Девяностолетний Фирс (Понтус Густафссон) в застиранной гимнастерке с медалью на груди точен так, будто мы его встретили на лавочке у подъезда: эта древняя походка, этот мгновенно вспыхивающий гнев на молодых бездельников, ругательство «фашист», эта уже почти выцветшая сила, что когда-то довела до Берлина, а потом тлела, склонялась, кланялась и выстраивалась по команде. Фирса жалко, как всегда (все мы учились в школе, и все мы помним, что старика забудут в покинутом доме), но в секундном гневе Фирс страшен. Объяснение этому возникающему непонятно откуда страху появляется в финальной сцене -- последние слова старика перед смертью (а в этом спектакле он однозначно умирает, брошенный хозяевами) это «медаль» (куда-то потерялось главное его сокровище) и «Сталин». На выдохе, как мечта. Мороз по коже.

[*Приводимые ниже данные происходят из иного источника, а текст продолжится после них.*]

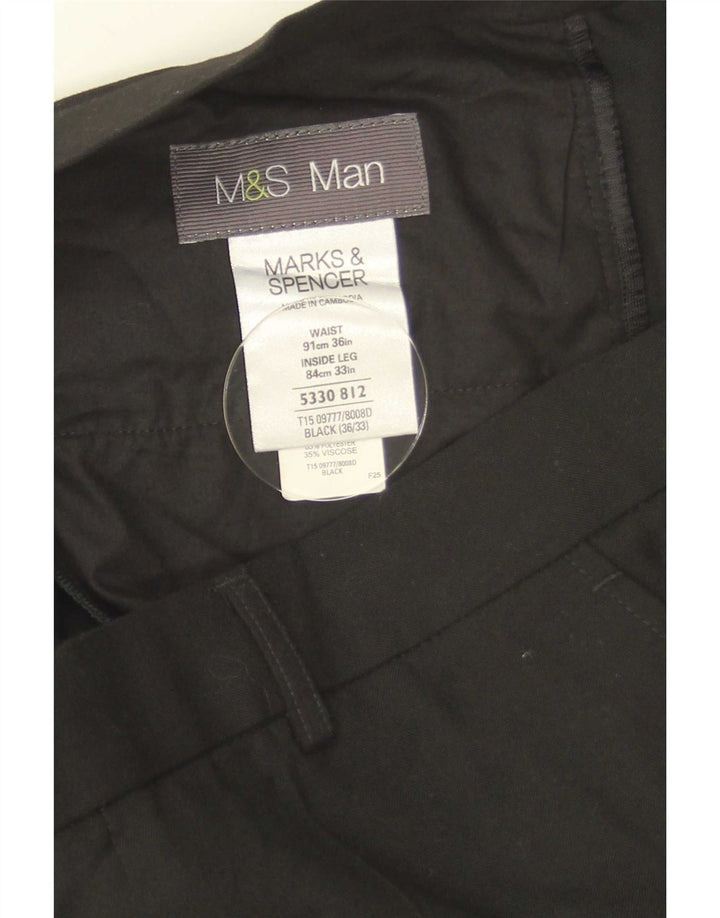 Marks & Spencer Pantaloni drepți pentru bărbați L36 L33 Poliester negru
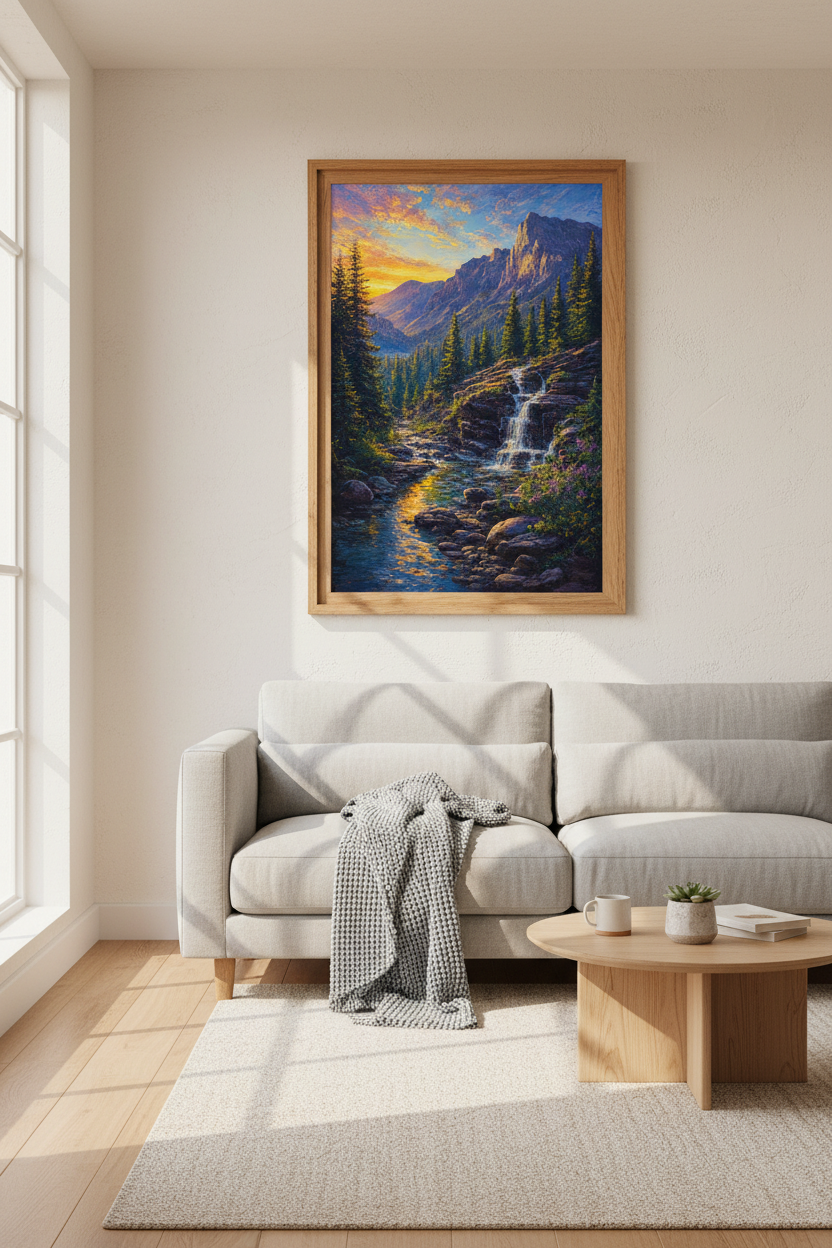 Mountain Waterfall Landscape Art | Sunset Forest Oil Painting, Cabin Decor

Скользкий глянцевый Яша (Эрик Эн) служит у Раневской не лакеем, а охранником, но манеры остались те же (под шумок выпить чужой бокал, с влюбленной в него горничной обращаться как с грязью под ногами, проповедуя, что девушки должны себя блюсти). Реплика Яши также транспонирована, и то, что этот наглый и тупой тип произносит у Эка: «Эта страна не для меня. Насмотрелся воровства и коррупции», заставляет в очередной раз вздрогнуть.
Матс Эк излагает чеховскую историю внимательно и подробно, а в кульминационные моменты заставляет героев танцевать. Человек может уйти из балетного театра, балет из человека не уйдет никогда -- и уверенность в том, что движение выразит эмоцию точнее любых фраз, остается, никуда не девается. Потому монолог Гаева (Ханс Клинга), обращенный к «многоуважаемому шкафу», превратился в танцмонолог -- и в нескольких взмахах рук и дерганых перемещениях по сцене отразилась та предстарческая патетика, что прописана в словах. Разделенные столом Варя и Лопахин в одновременном яростном танце говорят о невозможности союза (между ними всегда столешница), а Епиходов выдает, прости господи, брейк-данс.
Но главным танцперсонажем становится гувернантка Шарлотта Ивановна. У Чехова она показывала фокусы, здесь одарена балетным прошлым. Досталась роль (точнее, конечно, потому такой и стала) Анне Лагуне.
Одна из немногих дам на земле, о которых можно сказать «великая балерина» и ни на секунду не покривить душой, ничего не преувеличить. Сухая седовласая танцовщица с ведьминским блеском в глазах, спровоцировавшая своего мужа на постановку его легендарных вещей -- «Кармен» и «Спящей красавицы», к примеру. Ничего не скрыто -- ни седина в шевелюре, ни узлы на руках и ногах; эта Шарлотта стара -- и когда-то она танцевала «Жизель».
Есть ли более мрачный ход для рассуждения об уходе, истаивании времени и счастья, чем демонстрация танца очень немолодой балерины? Анна Лагуна обозначает классические позы с клоунской отвагой, и кажется, ее безумная Шарлотта констатирует обреченность вишневого сада, этой семьи, этой страны. Прошлое было великим, будущее не просматривается (в школе, помнится, убеждали, что к будущему имеют отношение Аня и Петя -- ох, печальное будущее сотворят гламурная девочка, которой впервые придется зарабатывать себе на жизнь, и толстенький самодовольный проповедник, за десять лет не сдавший необходимые экзамены на университетский диплом). Матс Эк высказывается вежливо, но определенно. Не выдержавшая этой определенности часть публики сбежала в антракте, оставшиеся устроили овацию.